Asset manager Cliff Asness recently wrote an op-ed piece in the Wall Street Journal wondering if those who decried companies buying back their stock didn’t suffer from “buyback derangement syndrome.”
Asness allowed that net investment, normalized by total assets or total market capitalization, was recently lower for companies in the Russell 3000 Index than it was in the 1990s, “but positive and much higher than during the 2008 financial crisis.”
It seems strange to crow that investment is better now than during the financial crisis.
And Asness offers no opinion or interpretation on why investment should be lower now than in the 1990s, especially given that low interest rates after the financial crisis were supposed to stimulate investment. Granted, his purpose isn’t to comment on Federal Reserve policy, but one might think he’d have something to say about lower investment immediately after a financial crisis – when investment is most needed. Asness also doesn’t say how much lower investment is now. That’s strange, given that he will conclude by asserting the buyback arguments amount to “innumerate nonsense.”
Asness mentions that companies aren’t shrinking away by buying their stock, because they are also borrowing a lot of money. “Think of this as a debt-for-equity swap,” he says – again neutrally or flatly. Is it good or bad – and for whom? — that companies are exchanging equity for debt? Asness doesn’t say. Moreover, later Asness will defend the argument that buybacks are indeed a form of liquidation.
Next, Asness argues that investors do not spend the money paid out in buybacks frivolously. Instead, investors buy other stocks and bonds with their buyback bounty, thereby shifting capital from companies that don’t need it to those that do. But that’s a little too neat. An investor buying stock on the secondary market isn’t giving money to a company in exchange for shares. Rather the investor is buying from another investor a claim to profits on capital already raised by a company previously.
Then things get stranger in Asness’s article. He argues that there’s no way to tell how much buybacks have boosted stock market returns since the financial crisis. And returns have been prodigious – around 15% annualized. But in making this argument Asness admits that it’s possible buybacks have boosted stock returns. Yet when turning to arguments about Apple – that the firm is a scam fueled by buybacks – he relies on the argument that buybacks are a form of liquidation that reduce market capitalization.

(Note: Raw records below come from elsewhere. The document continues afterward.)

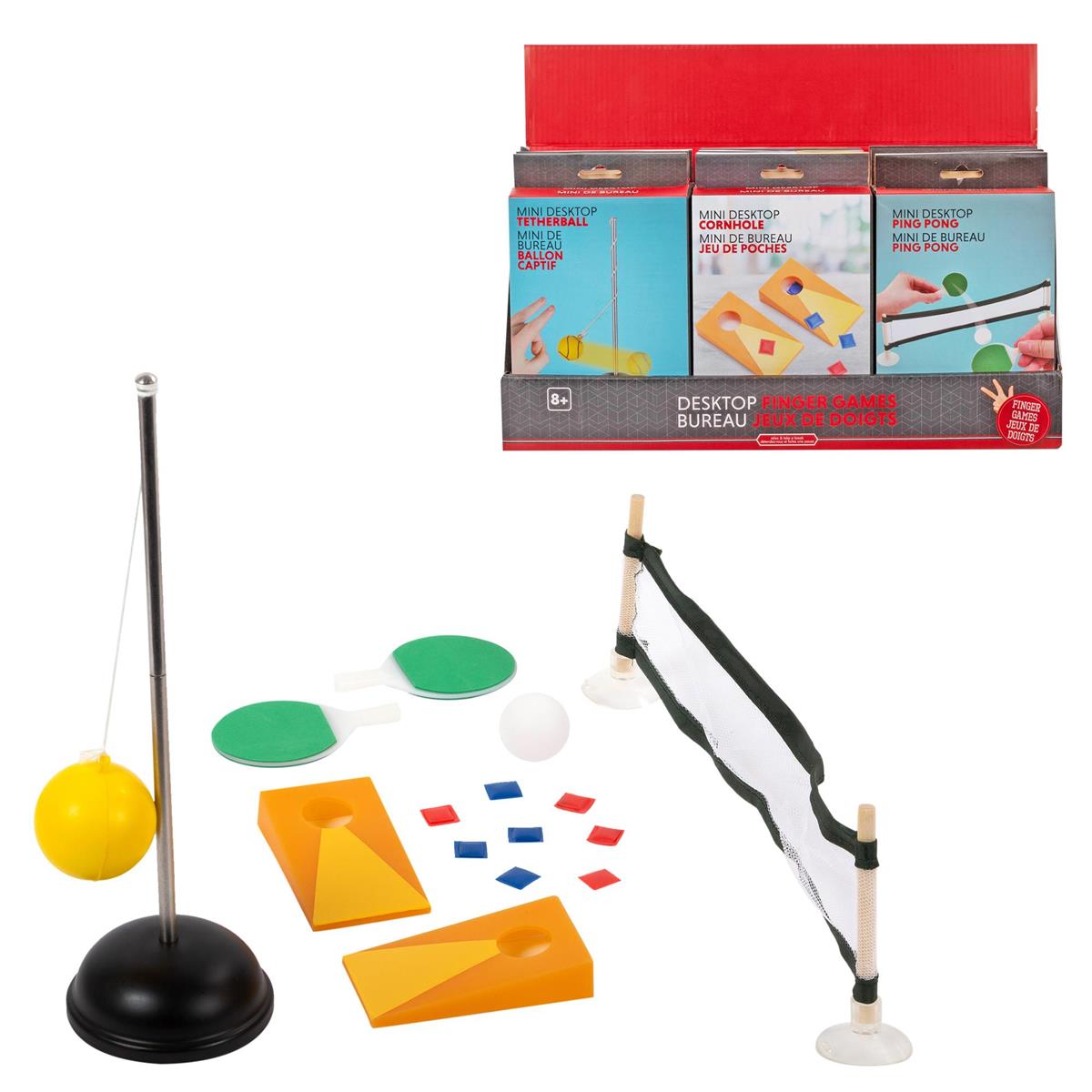 Table Finger Games, 3/s, Cornhole/Pingpong/Tetherball,12/dsp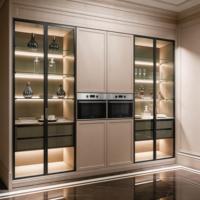Glastür-Sideboard mit LED-Beleuchteten Offenen Regalen in Cremebeige - Maßgefertigt OEM Direkt ab Werk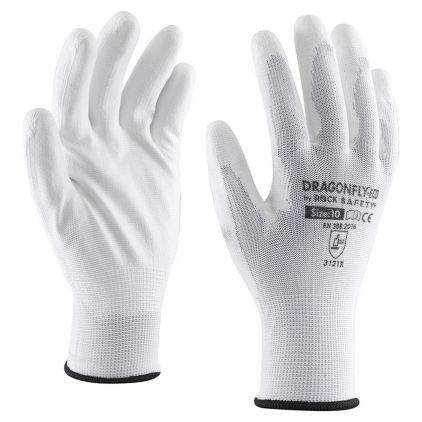 Manusi nitril OEM CS319009, marimea 9 Manusi tricot poliester imersata Rock Safety, albe, marime 8
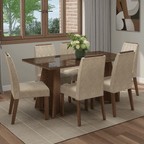 Juego de Comedor Sintra con 6 Sillas - Tablero de Madera y Cristal Marrón/Imperial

So do buybacks boost stock market returns or reduce market capitalization? It’s hard to know what Asness thinks. Clearly reducing share count and elevating earnings-per-share – the obvious immediate effects of buybacks — should increase the share price. But Asness doesn’t say whether a higher share price should compensate for fewer shares precisely and keep market capitalization stable, or whether it should alter market capitalization. He only says that it’s difficult to know if buybacks have boosted stock market returns, but also that it’s crazy to think Apple’s market capitalization shouldn’t be reduced instead of elevated by share buybacks.
Perhaps Asness is consistent is asserting that buybacks probably haven’t boosted market returns and certainly haven’t boosted Apple’s market capitalization. But he doesn’t think it’s impossible that buybacks have boosted stock returns, leaving himself vulnerable to the charge that he is confused about whether buybacks boost returns (and market capitalization) or amount to a liquidation and shrinkage of market capitalization.
Ultimately, Asness is upset that people are examining what corporations do with their profits when Americans have so many other things to debate. But when profit margins are so persistently high and a higher percentage of profits are returned to capital, perhaps he shouldn’t be so naïve to think a political debate wouldn’t commence about corporate profits and share buybacks. Moreover, despite calling the buyback arguments “innumerate nonsense,” it seems Asness has some thinking to do about whether buybacks boost market returns or are a form of liquidation.